Tobias le había enviado una nota el día anterior preguntándole si podía visitarla y ella le contestó diciéndole que estaría encantada de recibirle. No debía demorarlo más. Era hora de comunicar la decisión que había estado postergando durante demasiado tiempo, aunque con ello estuviera cometiendo un gran error.

—Buenas tardes, señorita Kingsley.

Violet abrió los ojos y centró la mirada en el recién llegado. Tobias estaba frente a ella con un elegante traje en tonos grises que aliviaba la usual indumentaria de luto. Inclinó la nívea cabeza a modo de saludo al tiempo que se quitaba el sombrero de copa.

—Buenas tardes, profesor Felch. Siéntese, por favor, si no le incomoda permanecer en el jardín. A esta hora hace una temperatura agradable.

—Este lugar es perfecto, gracias.

—¿Desea tomar una taza de té o prefiere una limonada? —ofreció.

—Té, por favor.

Tobias la observaba con una avidez impropia de él. Llevaba casi dos meses sin verla y le parecía más hermosa de lo que recordaba. Y más triste. Esa mirada de desaliento le decía que algo no iba bien.

Violet entró en la casa y puso a calentar el agua para el té, que ya estaba preparado en una bandeja con dos servicios. Agnes descansaba en el saloncito junto al fuego de la chimenea y no quiso molestarla. Cuando el agua comenzó a hervir, apartó el recipiente del fogón y lo vertió en la tetera. Regresó al jardín. Tobias se levantó al verla llegar. Violet dejó la bandeja sobre la mesita y se sentó.

—¿Ha disfrutado de su estancia en Londres? Me comentó su tía que había ido a visitar a una prima —preguntó Tobias con temor.

Durante el tiempo que Violet estuvo fuera la intranquilidad había sido su constante compañera. ¿Y si ella encontraba un marido que la complaciese, o un empleo y ya no necesitase su ayuda? Era consciente de que, si aceptaba la oferta de matrimonio que le había planteado tiempo atrás sería únicamente por necesidad. Sabía que le apreciaba, también que su carácter independiente no era propenso a aceptar un yugo semejante si tenía otra solución más halagüeña a sus problemas.

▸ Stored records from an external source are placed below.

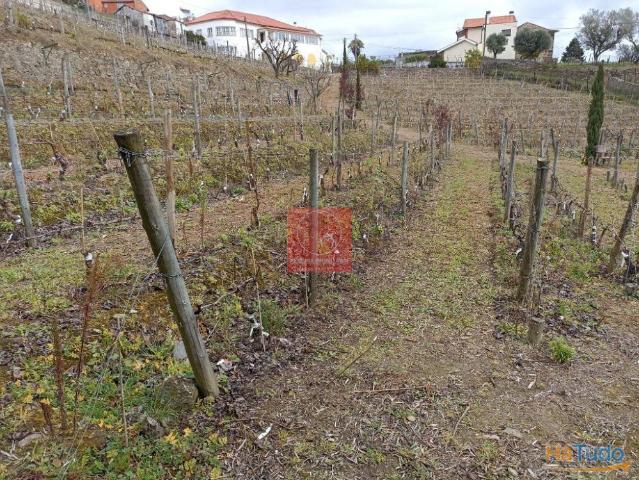 Terreno venda em Peso Da Régua, Vila Real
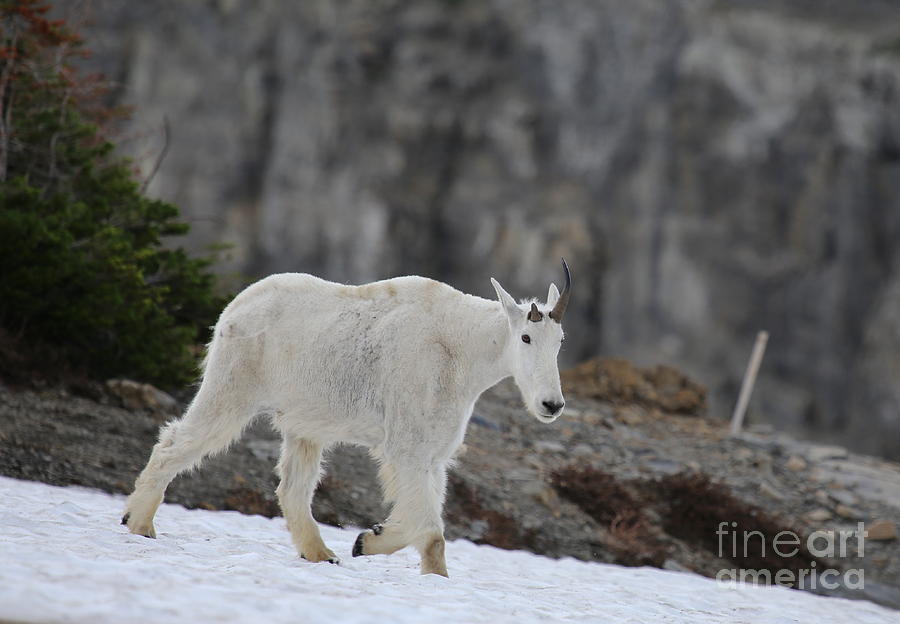Glacier Mountain Goat Photograph by Marty Fancy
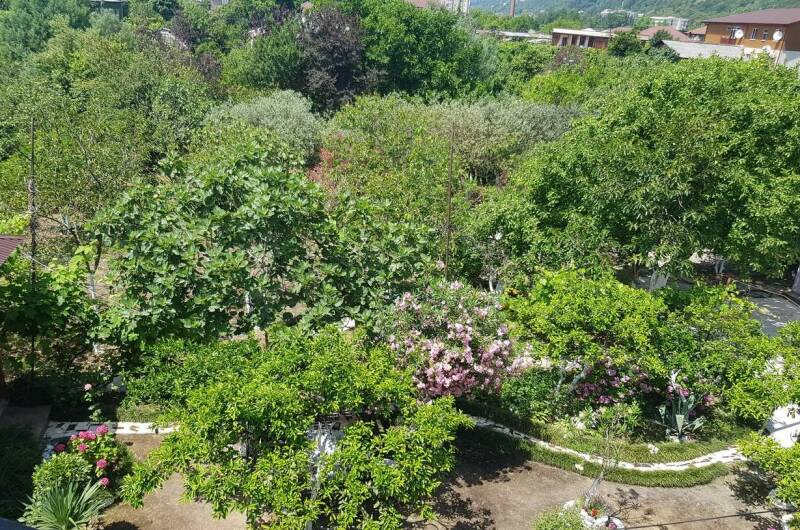 Изображение Изображение гостиницы &quot;Гостевой дом «Олеандр»&quot; #3 #3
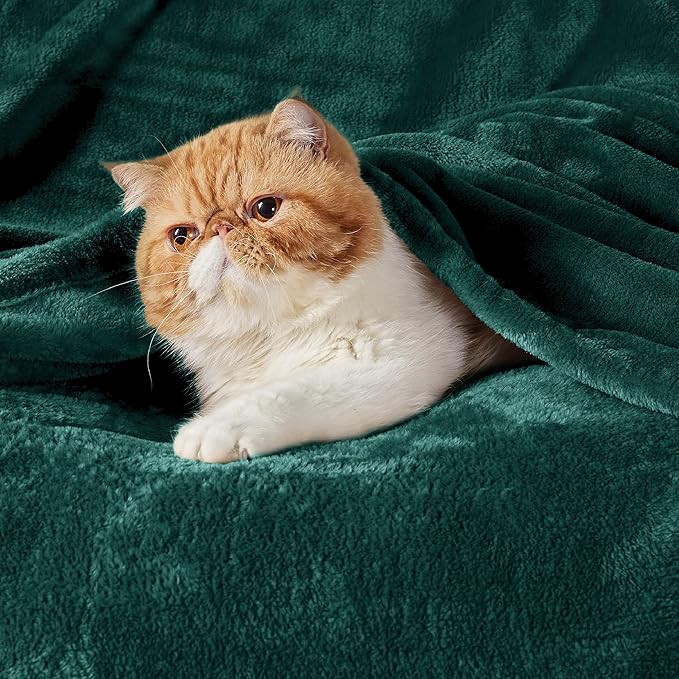 Bedsure Fleece Blankets Queen Size Emerald Green - Bed Blanket Soft Lightweight Plush Fuzzy Cozy Luxury Microfiber, 90x90 inches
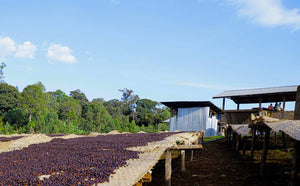 Ethiopia Yigarcheffe Halo Hartume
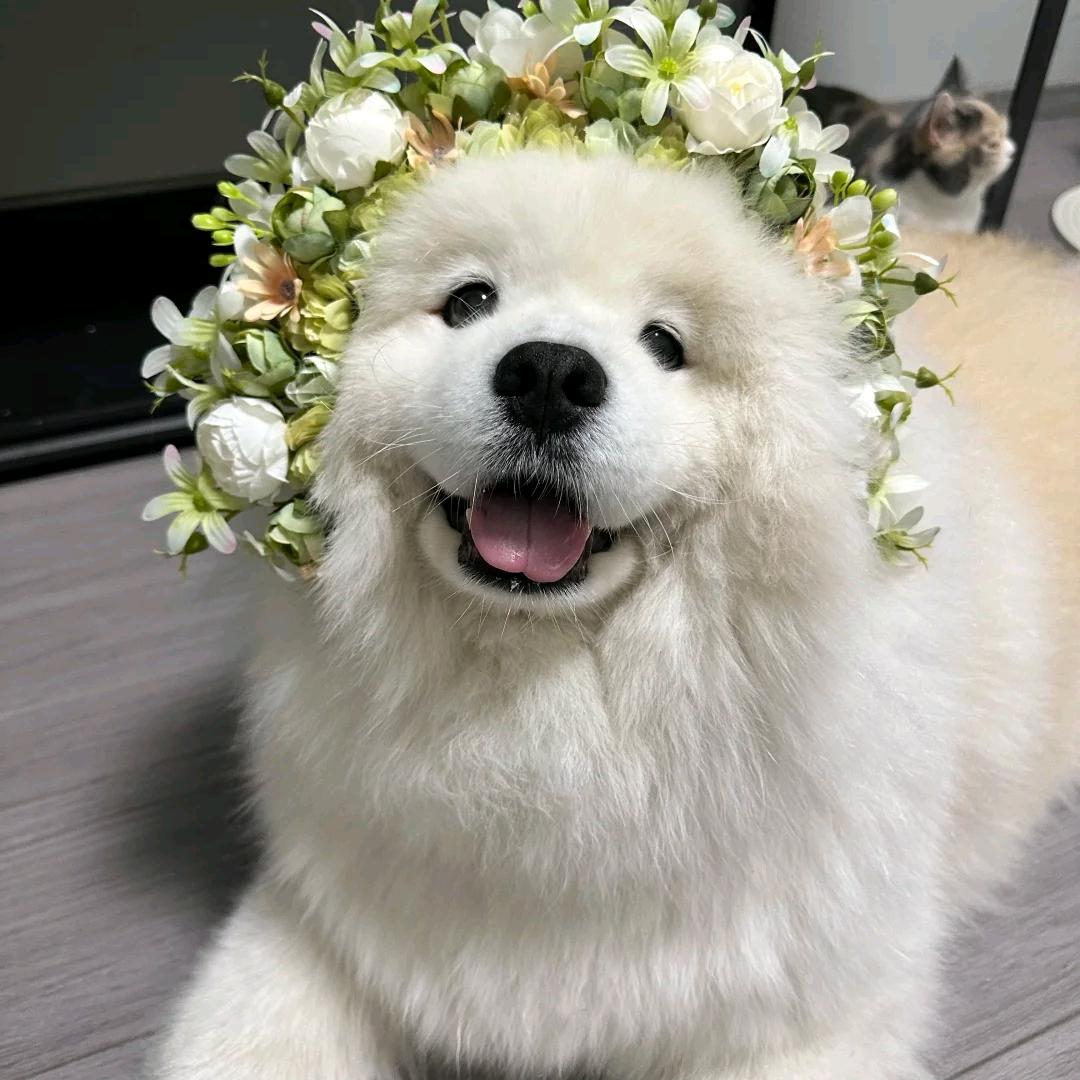 噔噔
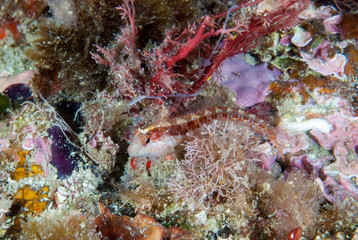 Blenny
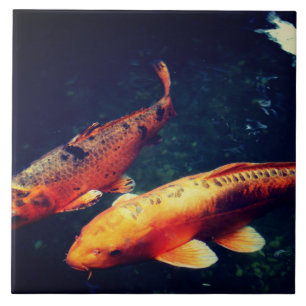 Koi Fliese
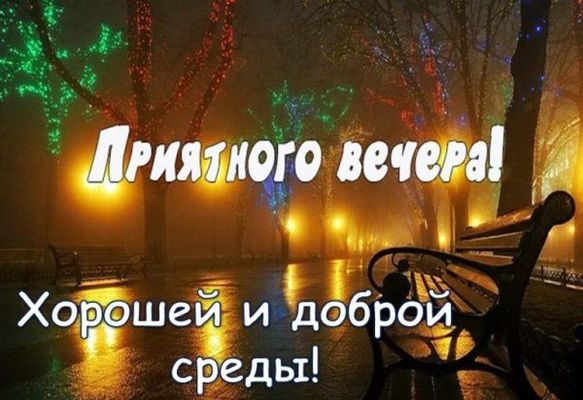 Открытка «Туманный»: Приятного вечера: «Волшебная среда» в парке. Тэги: дождливый, Добрый вечер и пожелания, Добрый з…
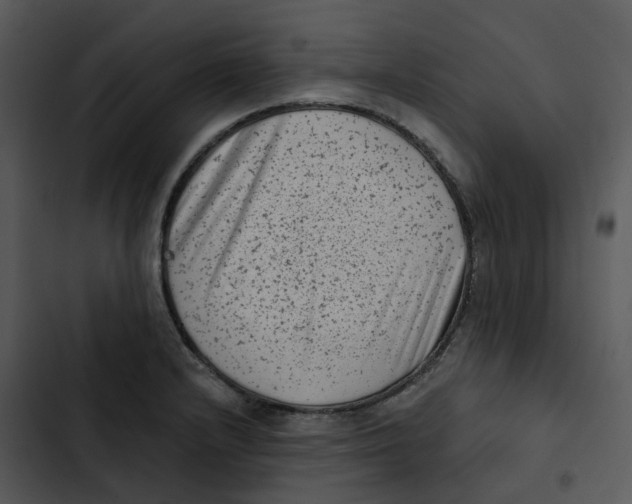 X0000102831232200809081147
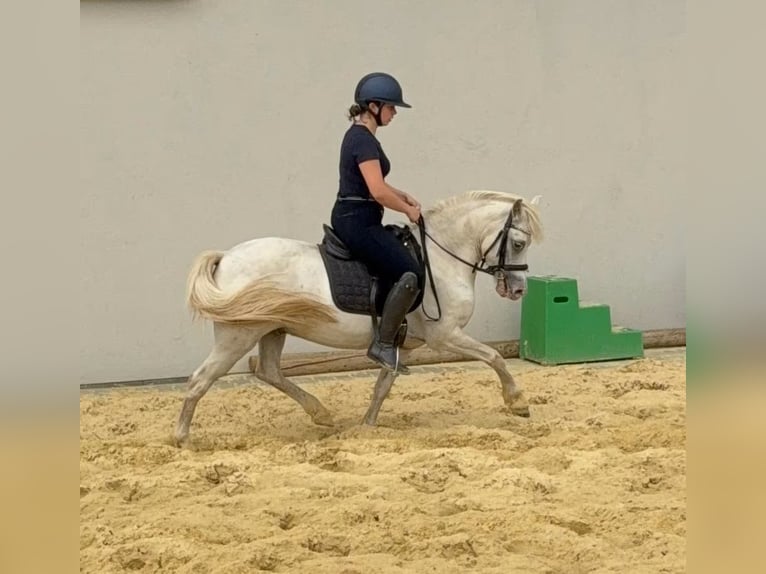 Welsh B Gelding 8 years 12.2 hh Grey in Daleiden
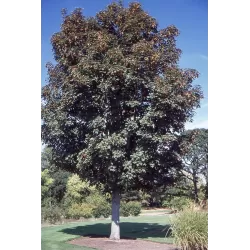 Platanalapis klevas - Acer pseudoplatanus ATROPURPUREUM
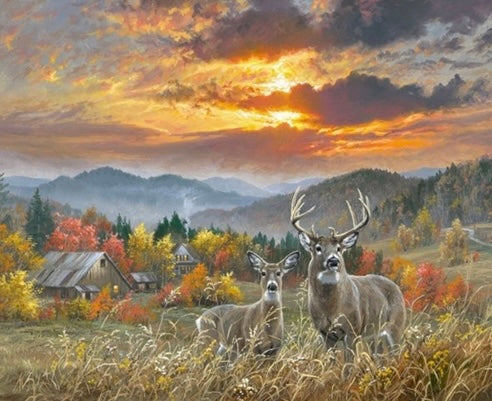 David Textiles November Light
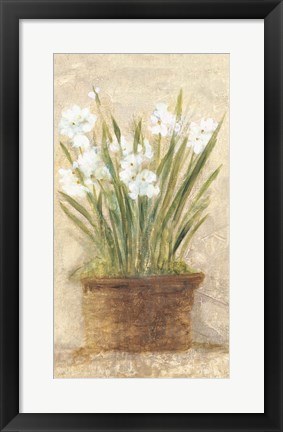 Framed Garden White Narcissus Panel Print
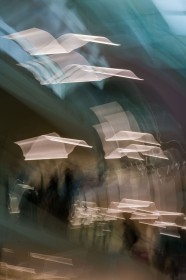 Wow by Frazer Meredith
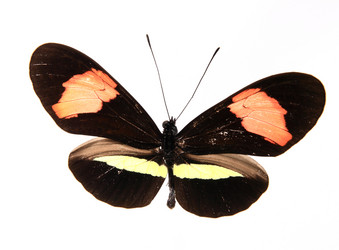 Similar image 8272317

—En efecto. Hacía tiempo que no la veía y, al enterarme de que está embarazada, fui a interesarme por su salud.

—¿Le agradó la gran ciudad?

—Mucho, aunque es demasiado extensa y ruidosa y con grandes desigualdades entre sus habitantes —confesó con sinceridad. En su viaje de ida y vuelta había transitado por calles de gran pobreza que contrastaban con la opulencia de las zonas por las que solía moverse. La visión de tantos niños harapientos y mendigando era una imagen difícil de olvidar.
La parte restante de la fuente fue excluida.